I know. But my understanding was that `"xyz"` is an array of characters so that these two would have the same representation in memory:

  char word[] = {'x', 'y', 'z', '\0'};  // sizeof(word) = 4, sizeof(*word) = 1
  char word[] = "xyz";                  // sizeof(word) = 4, sizeof(*word) = 1
What I did not realize was that the above two are not the same as this:

  char *word = "xyz";  // sizeof(word) = 8, sizeof(*word) = 1
The representation of an object is determined by how the object itself is defined.

An initializer doesn't change that. It only affects the value stored in the object when it's created.

A special case exception is that an array object defined with empty square brackets gets its length from the initializer, so

    char word[] = "xyz";
is a shorthand for, and is exactly equivalent to:

    char word[4] = "xyz";
What I see there is that you seem to highlight the difference between using sizeof with an array and sizeof with a pointer, which makes a difference, even if array-decays-to-pointer is a rule in most other contexts.
Right, I am mixing up two things here. You are right that bringing up pointers here is a mistake.

But apart from that, I would expect `{'x', 'y', 'z', '\0'}` to have size 16 rather than size 4 because it consists of four character literals which each have size 4 on my machine.

Maybe do not overthink it. 'x' is called a character literal, but it has the type int.

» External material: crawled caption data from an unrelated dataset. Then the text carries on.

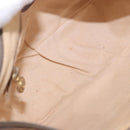 GUCCI GG Supreme Web Sherry Line Bag PVC Beige Gold 001 754 6177 Auth bs36022-10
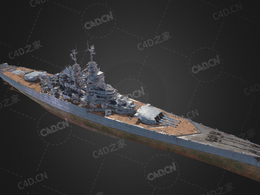法国海军共和号战列舰C4D模型下载Republique 3d model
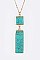 Genuine Stone Pendant Necklace LA-CN4140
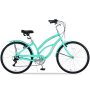 26 in. Women 7 Speed Mint Green Beach Cruiser Bicycle - Image 1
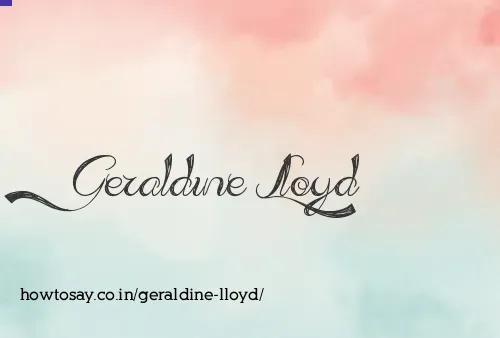 Geraldine Lloyd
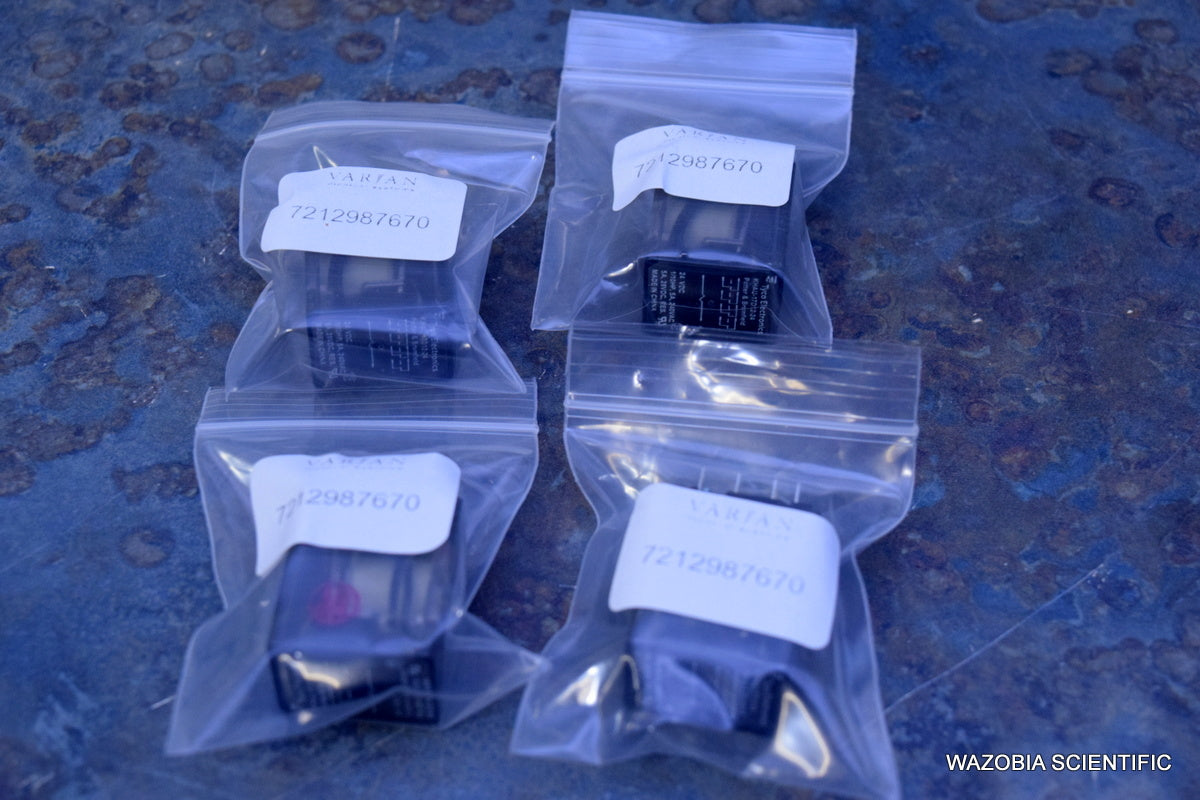 4 VARIAN POTTTER & BRUMFELD TYCO ELECTRONICS KHAU-17D12-12 POWER RELAY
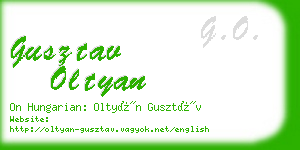 gusztav oltyan business card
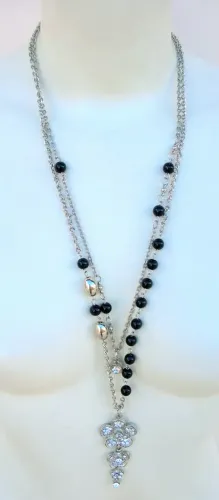 Colar feminino duplo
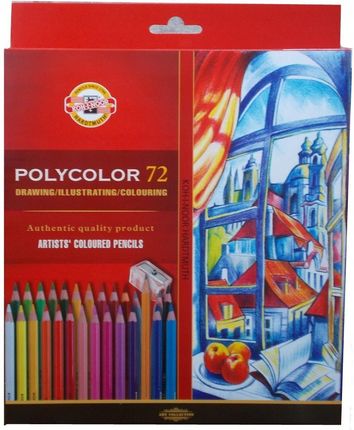 Kredki Polycolor 72 Kolory Opakowanie Metalowe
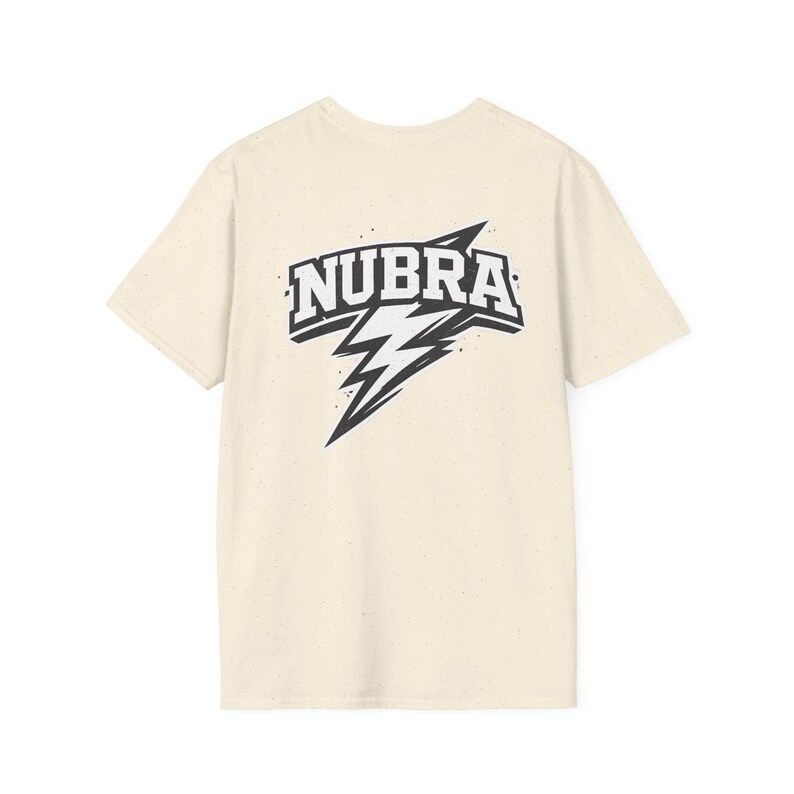 Lightning Bolt Streetwear T-Shirt, Bold Graphic Back Print Tee, Urban Street Style Shirt, Minimal Graphic Tee, Casual Unisex Shirt, Nubra image 4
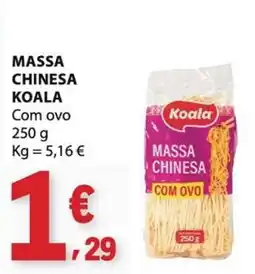 E.Leclerc Massa chinesa koala com ovo promoção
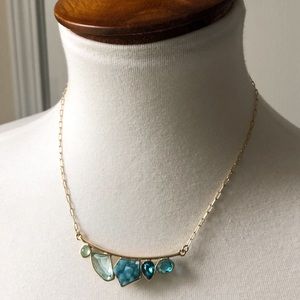 🌿 NWT: Banana Republic blue stone necklace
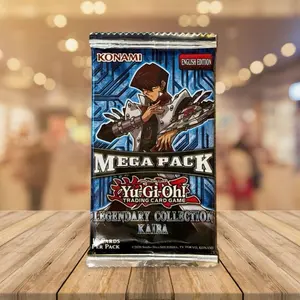 Konami Yu-Gi-Oh Legendary Kaiba Collection Mega Pack English Edition 10 Cards Per Pack Live Rip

`{'x', 'y', 'z', '\0'}` does not have a type by itself, but it's valid syntax to use it to initialize various structs and arrays - some of those will have the size you are looking for, depending on which type of array or struct you choose to initialize with that: https://gcc.godbolt.org/z/Tqjq3xzKo

Thank you for the explanation and the Godbolt example! I appreciate it. Apologies for fumbling around in confusion.
sizeof() returns the number of "units" that something -- an expression or a type -- takes up. What do you think those units are?

They are literally defined as "characters". sizeof(char) is always 1.

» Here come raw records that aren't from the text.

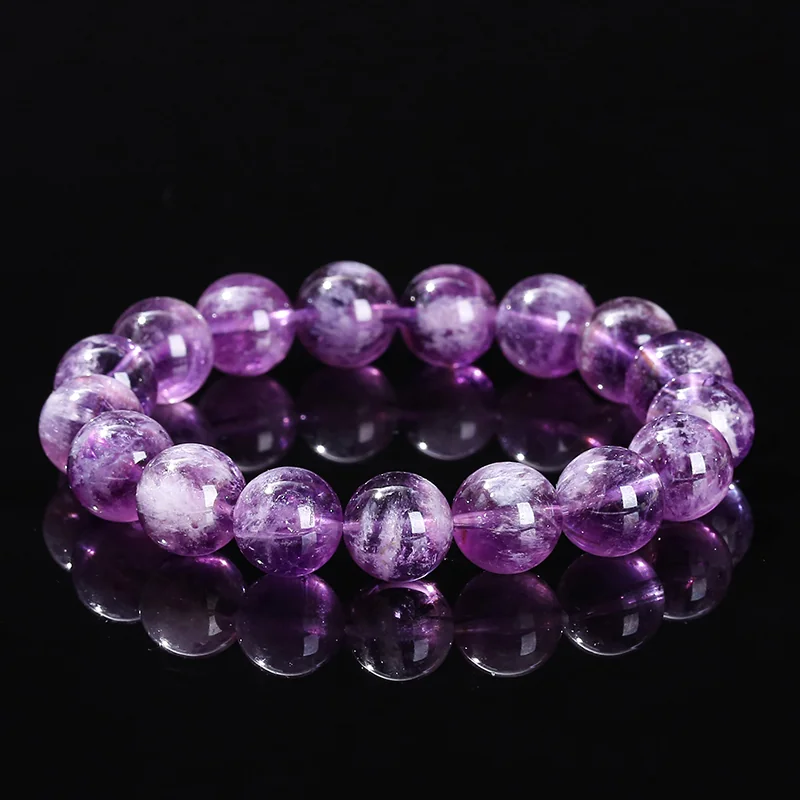 No_3116_3A Natural Purple Yellow Citrine Bracelet_9mm_(Sold Per Strand)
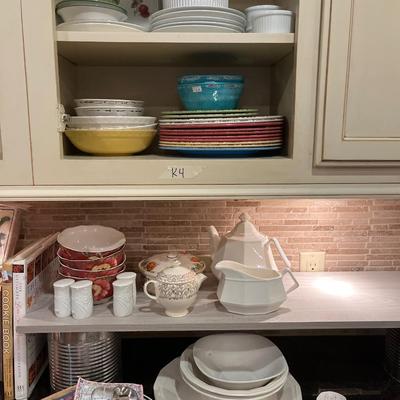 Sale Photo Thumbnail #66: Tea pots, cookie cutters, china and more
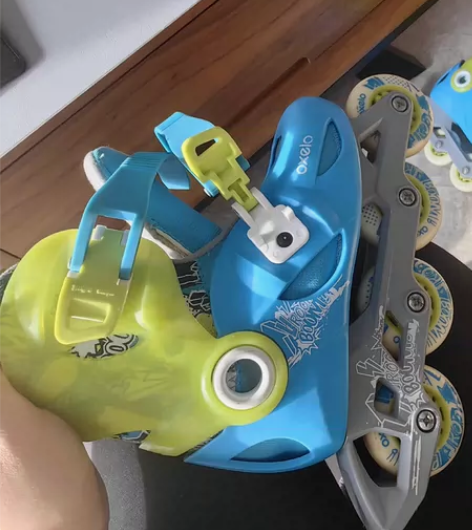 迪卡侬全套单排滑轮，9成新.50元，包邮 ...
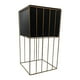 thumbnail image 5 of Set 2 Porta Macetero Pedestal Maceta Plantas Negro Dorado, 5 of 8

Your confusion (besides the pointer thing) is that 'x' is a funny way to write an int, not a char.

It seems to me that `sizeof` returns the number of bytes that the thing takes up in memory. For example:

  int numbers[] = {1, 2, 3};  // sizeof(numbers) = 12
> Your confusion (besides the pointer thing) is that 'x' is a funny way to write an int, not a char.

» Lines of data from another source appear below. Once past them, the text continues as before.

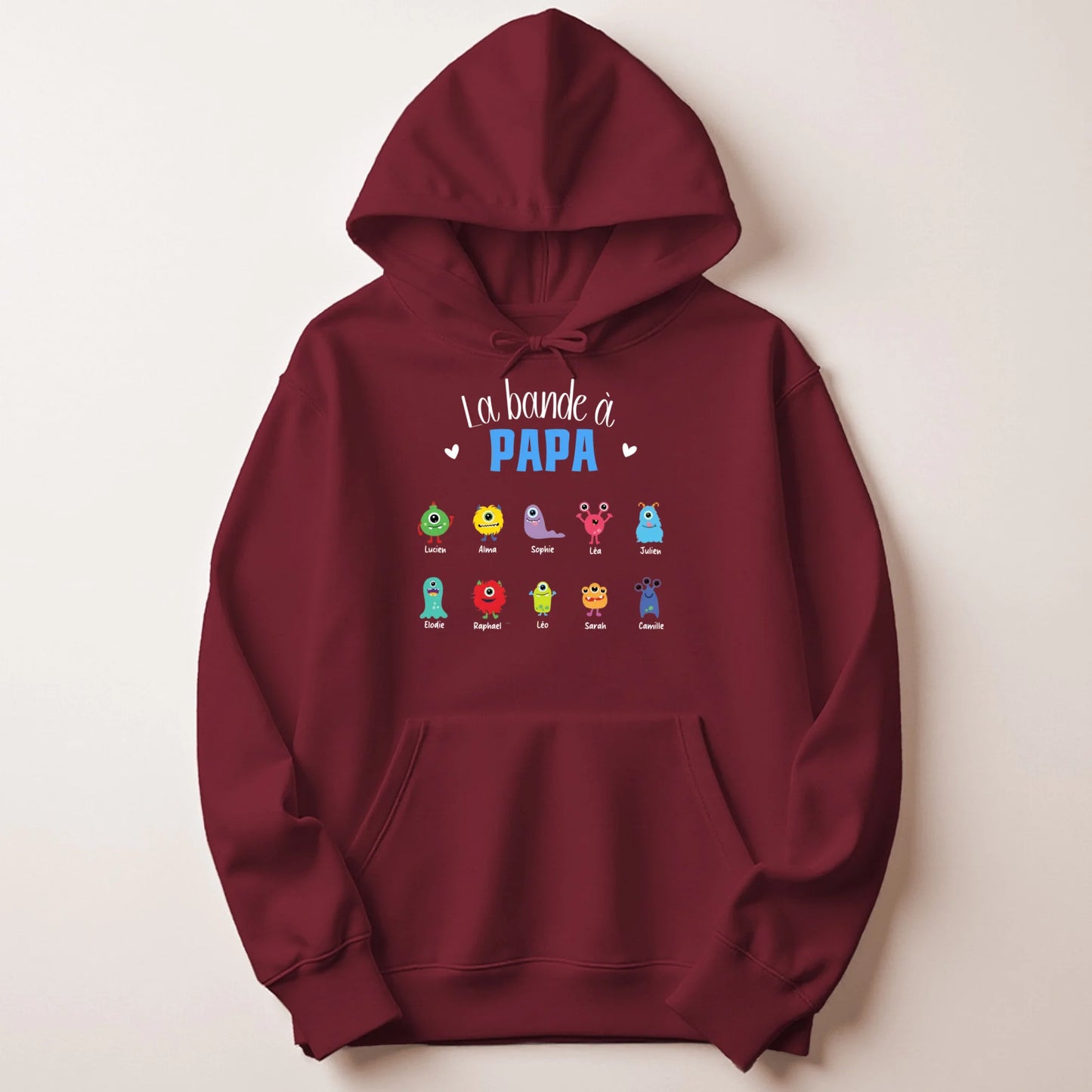 Sweat à capuche Bordeaux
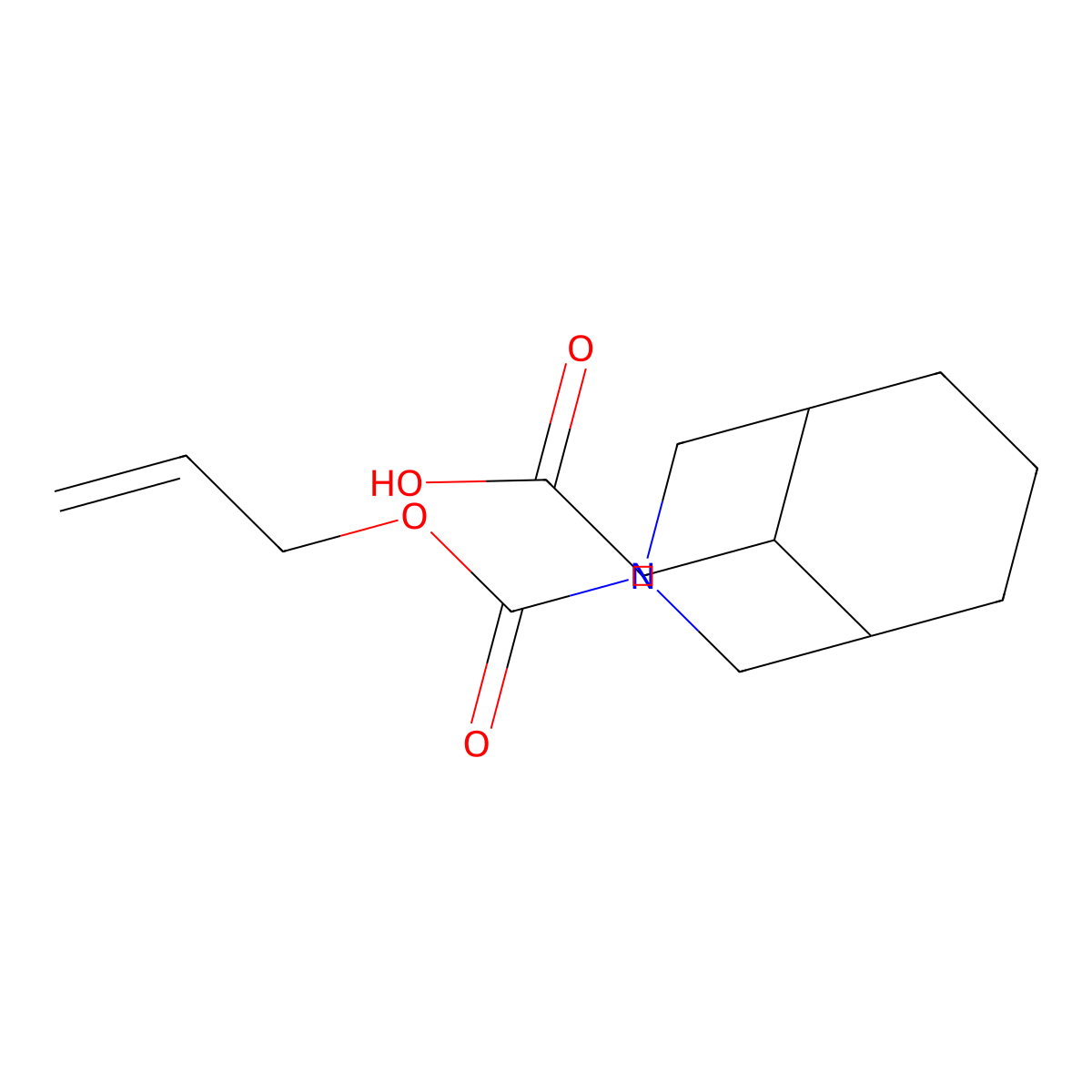 2-{3-[(Prop-2-en-1-yloxy)carbonyl]-3-azabicyclo[3.3.1]nonan-9-yl}acetic acid molecular structure, CAS 2680809-82-7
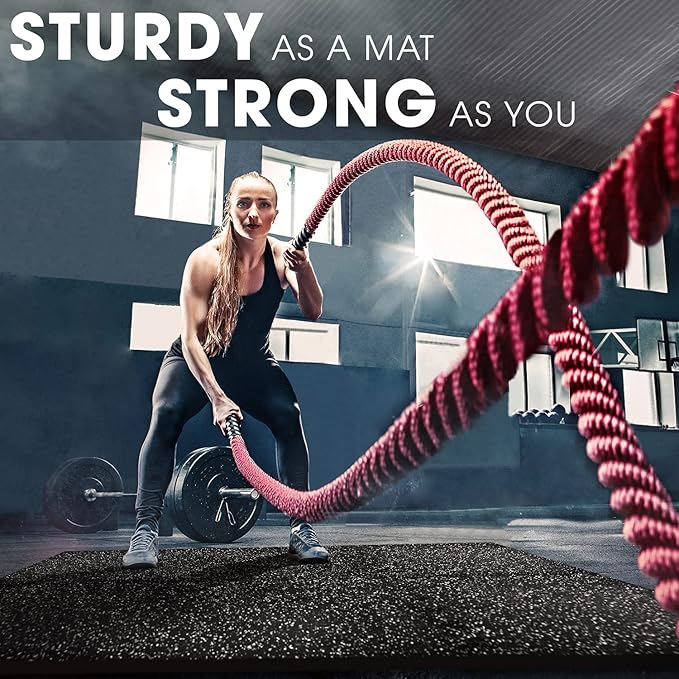 Yes4All Rubber Gym Flooring for Home Gym 0.56" Thick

Yes, this might be it. So the way to get a `char` value that contains "c" is to use type coercion and write it as `(char) 'c'`. This changes the representation in memory so that it now takes up only one byte rather than four, right?

`(char)'c'` is an expression of type char.

Its size is one byte -- but the size of an expression isn't really relevant, since it's (conceptually) not stored in memory.

You can assign the value of an expression to an object, and that object's size depends on its declared type, not on the value assigned to it. The cast is very probably not necessary.

    char c1 = 'c'; // The object is one byte; 'c' is converted from int to char
    int  c2 = 'c'; // The object is typically 4 bytes (sizeof (int))
The fact that character constants are of type int is admittedly confusing -- but given the number of contexts in which implicit conversions are applied, it rarely matters. If you assign the value 'c' to an object of type char, there is conceptually an implicit conversion from int to char, but the generated code is likely to just use a 1-byte move operation.